A rigid and adversarial division between labour and management benefits no one in the long run. The tremendous changes and challenges now faced by all industries, particularly the automobile industry, are making this more obvious all the time. In fact, advances in technology and mounting foreign competition have already forced some auto plants to adopt a cooperative approach.

John Holusha of the New York Times recently reported that the labour and management of a General Motors factory in Lansing, Michigan, have abandoned their adversarial stance and have adopted a cooperative approach to the production of cars. Instead of rigid and extreme divisions of tasks, all workers do a variety of jobs and supervise themselves. This team approach, based on trust and respect, has led to remarkable improvements in attitudes, in the relationship between labour and management, and in the quality of the product.

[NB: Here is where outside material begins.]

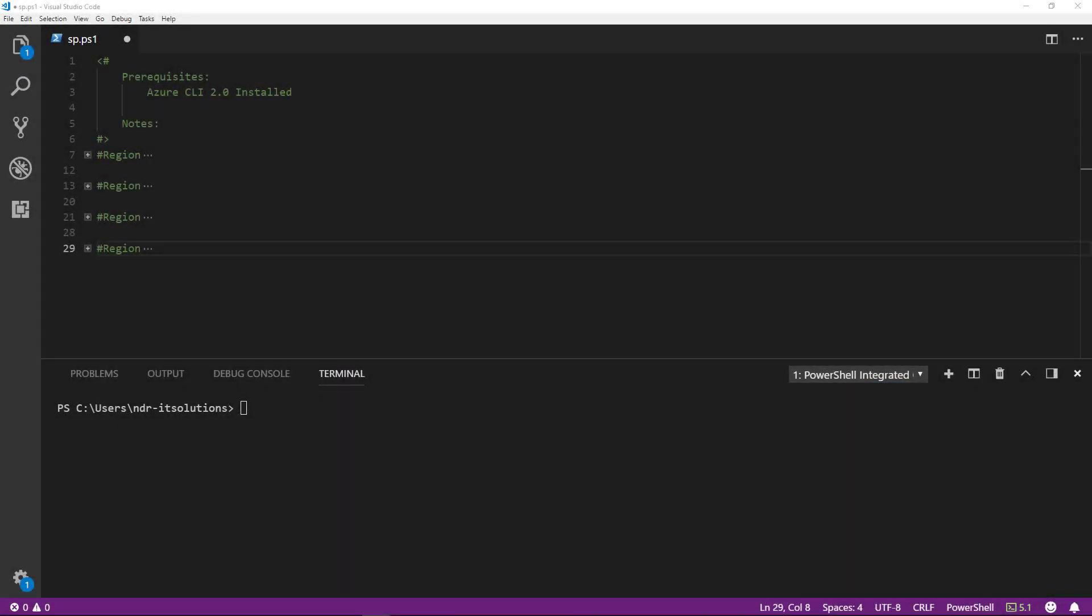Welcome to this Tech Snip where I'll show you how to create an Azure Service Principle via the Azure CLI version 2. As a prerequisite, you'll need to download this from the Azure portal and install it on your laptop or workstation.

Holusha explains that many other companies have been forced to rethink their management style for the sake of their very survival. Whatever their motivation, those companies that have appealed to the interest and judgement of their employees and have entrusted them with real responsibility have almost always seen dramatic changes for the better. Productivity and quality climbed, and employees as well as employers found the workplace socially rewarding and challenging.

CAW's style of adversarial bargaining, while seemingly successful in the short run, may make it difficult, if not impossible, for Canadian industries to prosper in a free trade arrangement with the U.S. It is safe to predict that Bob White and his associates will blame the "Rambo, dog-eat-dog, survival of the fittest kind of society" (White's epithet for the U.S.) for such a failure. That will be of little benefit to those workers who thought they were backing a winner but were in reality being led straight into the arms of defeat.

Harry Antonides
Harry Antonides

Harry Antonides came to Canada in 1948, initially working as a farm hand and railway labourer. After over a decade working in a chemical plant in Sarnia, Ontario, Harry joined the newly forming Christian Labour Association of Canada (CLAC) in 1962 as a field representative. By 1970 Harry became director of research and education. In 1974, he was a founding member of the Work Research Foundation (now Cardus) and publisher of their sole publication, Comment magazine. A prolific writer and dynamic speaker, Harry delivered lectures all over North America and published numerous articles, reviews, and essays. He is author of several books on Christianity, labour, and economics, including Multinationals and the Peacable Kingdom (1978) and Stones for Bread: The Social Gospel and its Contemporary Legacy (1985). Harry is retired and lives with his wife Janet in Willowdale, Ontario.